### Dataset entries

======

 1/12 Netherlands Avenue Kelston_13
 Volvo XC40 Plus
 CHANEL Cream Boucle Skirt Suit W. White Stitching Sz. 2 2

======

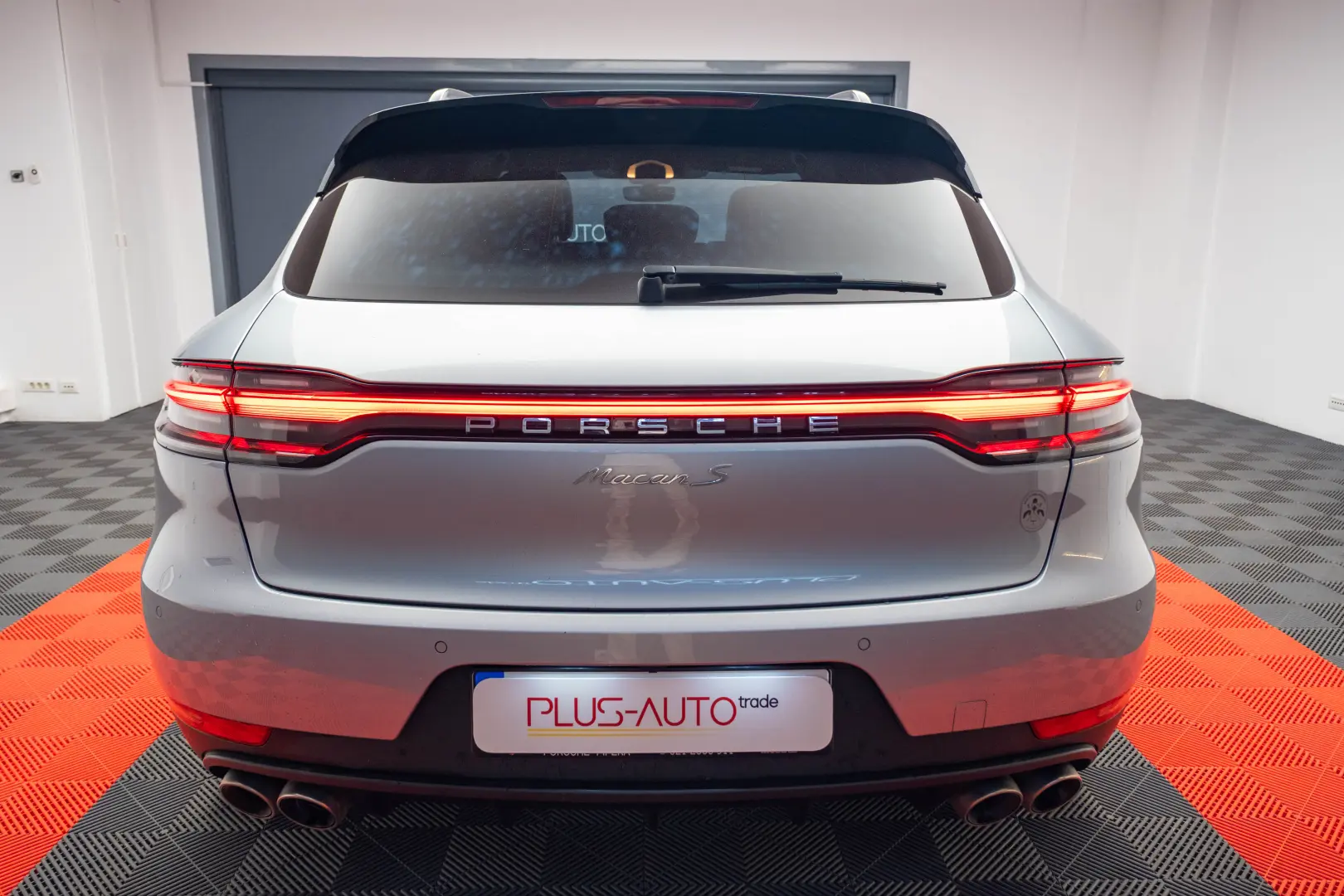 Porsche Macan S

======

### Exercise details
The entries above hold a line with "1/12 Netherlands Avenue Kelston_13" and a later line with "CHANEL Cream Boucle". Write out exactly those lines and all lines between, nothing more.

### Task response
 1/12 Netherlands Avenue Kelston_13
 Volvo XC40 Plus
 CHANEL Cream Boucle Skirt Suit W. White Stitching Sz. 2 2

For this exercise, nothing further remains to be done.